Looking back to those early days to where you are now, can you tells us about how your photography has changed and what brought you into the world of wedding photography, which I'm sure the very idea off fills most photographers with fear?

NB : Hi Alf, and thank you for selecting me for your 7 questions….you swine…haha

I’m not going to bore everybody stupid. I started photography because it was my ‘escape’ for a long time. A lot of peeps who know me will understand that expression which will sum up many years of, let's just say, 'taxing times’. And there it is, no more, no less. I haven’t loved photography from a young age. I was too busy grooving to jazz, jazz funk, disco and house music…that was my ‘photography’! I loved art, design, textures, theatre, cinematography…and in loving these things, it has impacted my photography in later years.

I remember joining the Flickr group and meeting yourself, Paul, Gilly and Foxy and going on outings. I loved ‘street photography’ before it became cool to love it, haha. It was the cheapest photography, along with close-up photography because I had the cheapest kit. It is what it is. Make the best and try and be the best…but be humble. I came to adore photography, not just love it. It was a part of my soul, a part of me and it took over my life, in a good way.

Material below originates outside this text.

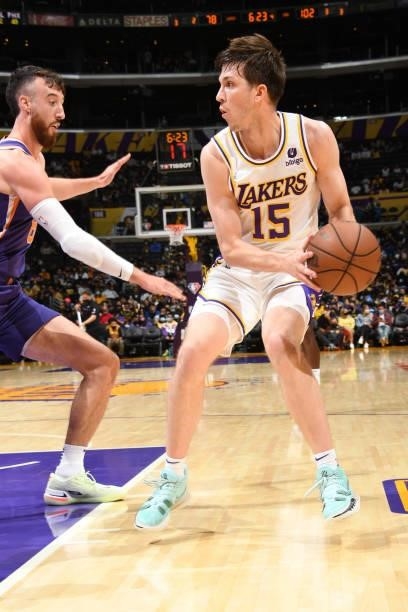 Austin Reaves of the Los Angeles Lakers drives to the basket during a preseason game against the Phoenix Suns on October 10, 2021 at STAPLES Center...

To this day, some of the best photography I did will be the photography I did to document the ‘dementia plateaus’…it was the most stressful time of my life and also the most creative. It was like being in the twilight zone of Louis Wain and Annie Leibovitz. I’ve always had a vivid imagination (years of reading books and not watching telly). I think it moulded me, but at the time I couldn’t see that. The photos I did back then are about to be used in a project soon, so watch this space…

Photographing Mum's Dementia

In the next few years, I joined college and did photography (did it help me…no…it was a bums on seats exercise, sorry). I joined the PPS (did it help me…yes and no, I enjoyed my time there and the good peeps there gave me good advice on the photo walks which I’ve carried on to this day). I learnt nearly everything from YouTube and smashing photographers/friends sites. I started to go my own way and always wanted to be different (not always correct though, haha). I see things very differently than a lot of people and I remember watching a movie about Temple Grandin and how she saw in pictures what people spoke about and this is exactly how I saw the world. I didn’t feel different anymore, there were more people like me, woo-woo!!

Wildlife photography was my hobby. I was rubbish, I still am, haha…but I adore it. I enjoy the ‘not knowing what’s going to happen next’ feeling to it. I love how you’ve got to be quick…and I mean super quick to catch the birdies/wildlife. I learnt to be quiet and get closer..... because I had crap equipment, it was the pits, ha ha.

I remember one day Brian Sandham asking if I could second-shoot for him for a wedding. I said yes, must have been mad, ha ha! Anyhow, to cut a long story short, I loved it. It would seem, keeping quiet and getting closer helped in wedding photography too. Catching small children doing funny things was the same as split-second small bird flying timing. These two opposite ends of the scale photography things were the same, and I loved it. I loved the scary buzz it gave me and still do to this day. You only get one chance to get it right…so no pressure then. Brian taught me a lot. Down to earth, funny and a wealth of info and not too up his own to freely give away info.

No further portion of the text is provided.